Input data>
►
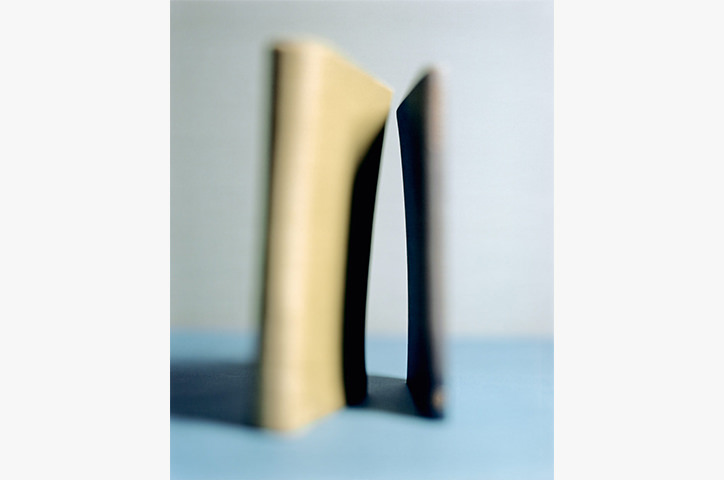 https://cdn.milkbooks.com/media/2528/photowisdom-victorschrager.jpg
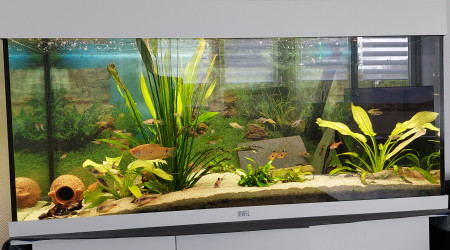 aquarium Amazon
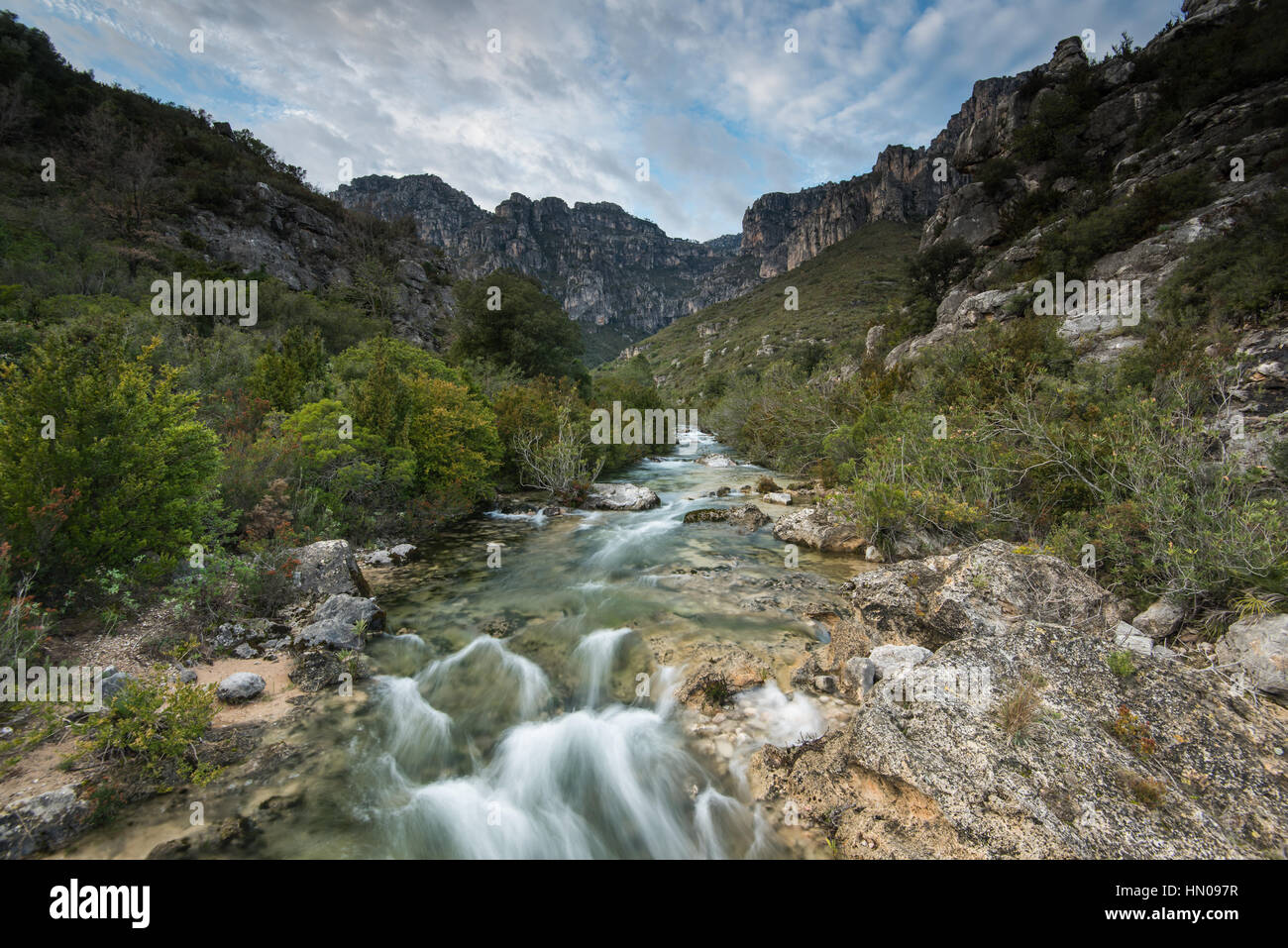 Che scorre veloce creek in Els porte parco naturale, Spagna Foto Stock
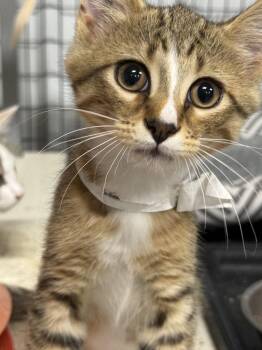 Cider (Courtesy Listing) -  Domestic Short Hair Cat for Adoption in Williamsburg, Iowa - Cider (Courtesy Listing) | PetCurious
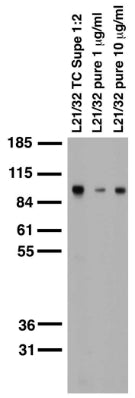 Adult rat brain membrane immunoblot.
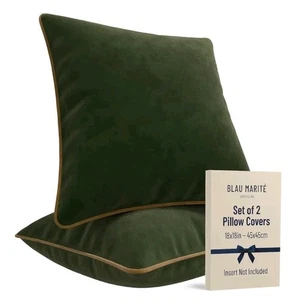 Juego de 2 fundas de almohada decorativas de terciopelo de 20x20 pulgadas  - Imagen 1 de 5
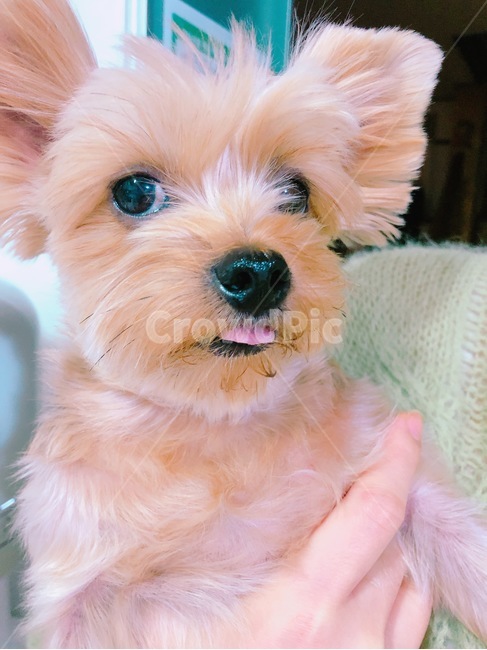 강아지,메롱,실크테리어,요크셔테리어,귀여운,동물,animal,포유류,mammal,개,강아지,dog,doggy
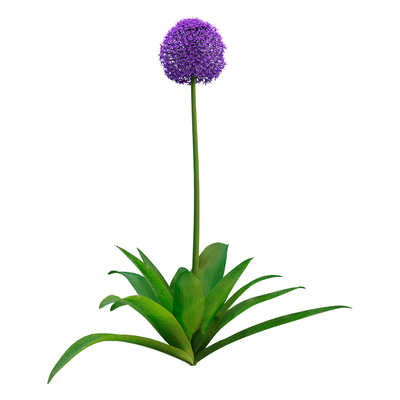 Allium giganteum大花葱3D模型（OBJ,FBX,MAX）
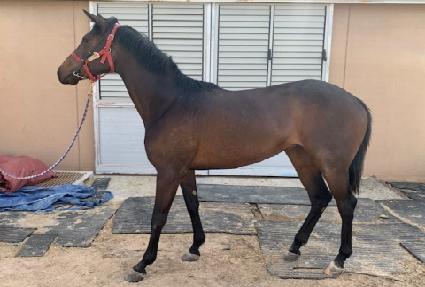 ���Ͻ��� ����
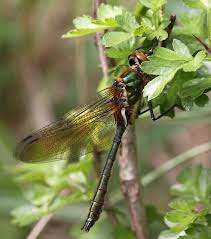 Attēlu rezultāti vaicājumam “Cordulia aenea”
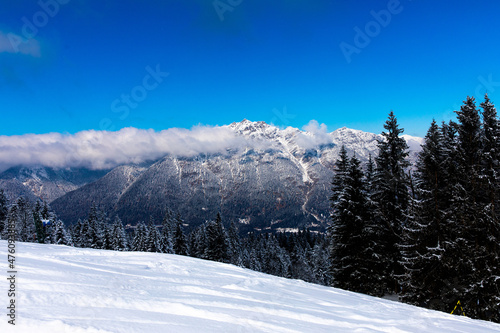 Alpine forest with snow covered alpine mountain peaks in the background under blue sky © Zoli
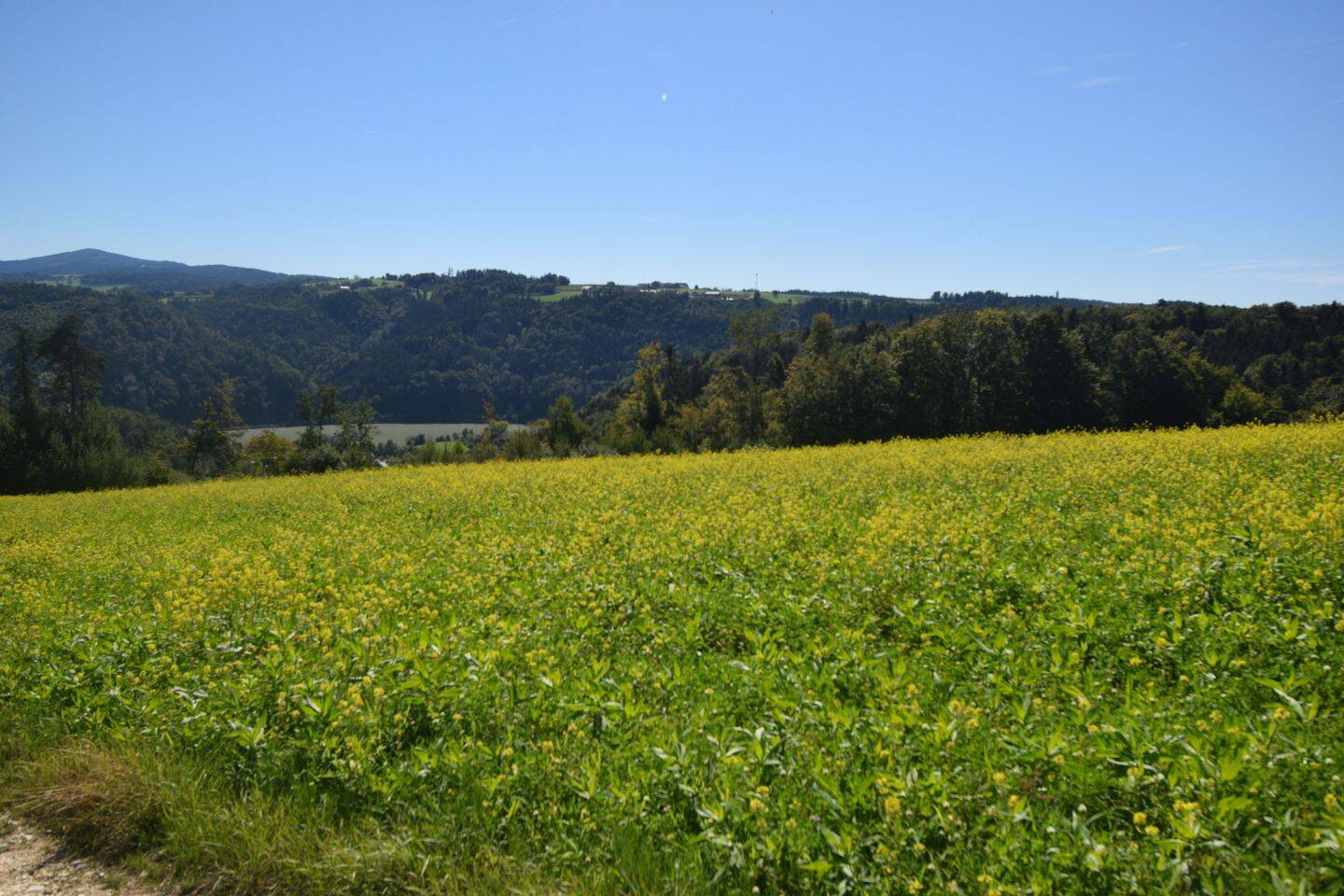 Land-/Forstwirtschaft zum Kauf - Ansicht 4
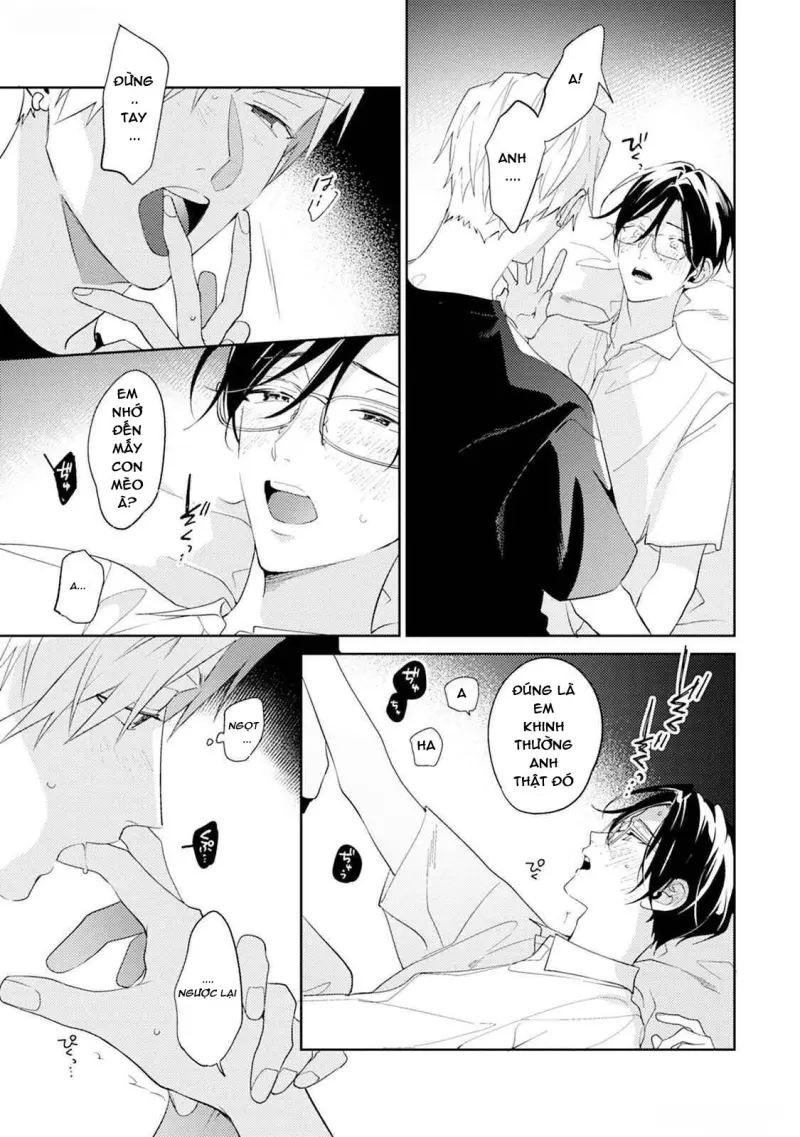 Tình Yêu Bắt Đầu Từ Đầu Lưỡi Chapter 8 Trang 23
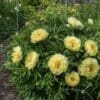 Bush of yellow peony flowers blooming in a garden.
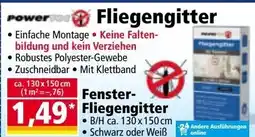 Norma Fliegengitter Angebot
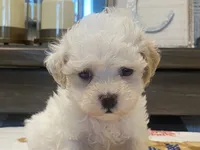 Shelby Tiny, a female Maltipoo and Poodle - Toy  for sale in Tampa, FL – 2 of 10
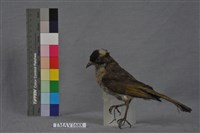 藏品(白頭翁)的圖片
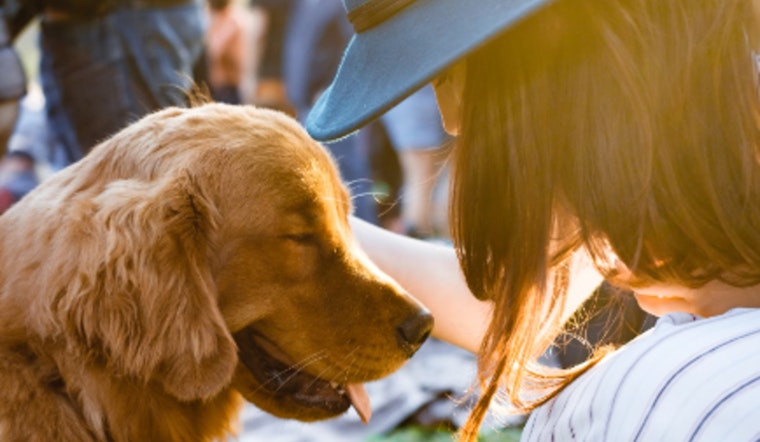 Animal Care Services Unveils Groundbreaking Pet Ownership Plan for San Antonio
◄
Please repeat every record exactly, leaving the pictures out.

Task answer>
 https://cdn.milkbooks.com/media/2528/photowisdom-victorschrager.jpg
 aquarium Amazon
 Che scorre veloce creek in Els porte parco naturale, Spagna Foto Stock
 Cider (Courtesy Listing) -  Domestic Short Hair Cat for Adoption in Williamsburg, Iowa - Cider (Courtesy Listing) | PetCurious
 Adult rat brain membrane immunoblot.
 Juego de 2 fundas de almohada decorativas de terciopelo de 20x20 pulgadas  - Imagen 1 de 5
 강아지,메롱,실크테리어,요크셔테리어,귀여운,동물,animal,포유류,mammal,개,강아지,dog,doggy
 Allium giganteum大花葱3D模型（OBJ,FBX,MAX）
 ���Ͻ��� ����
 Attēlu rezultāti vaicājumam “Cordulia aenea”
 Alpine forest with snow covered alpine mountain peaks in the background under blue sky © Zoli
 Land-/Forstwirtschaft zum Kauf - Ansicht 4
 Tình Yêu Bắt Đầu Từ Đầu Lưỡi Chapter 8 Trang 23
 Bush of yellow peony flowers blooming in a garden.
 Norma Fliegengitter Angebot
 Shelby Tiny, a female Maltipoo and Poodle - Toy  for sale in Tampa, FL – 2 of 10
 藏品(白頭翁)的圖片
 Animal Care Services Unveils Groundbreaking Pet Ownership Plan for San Antonio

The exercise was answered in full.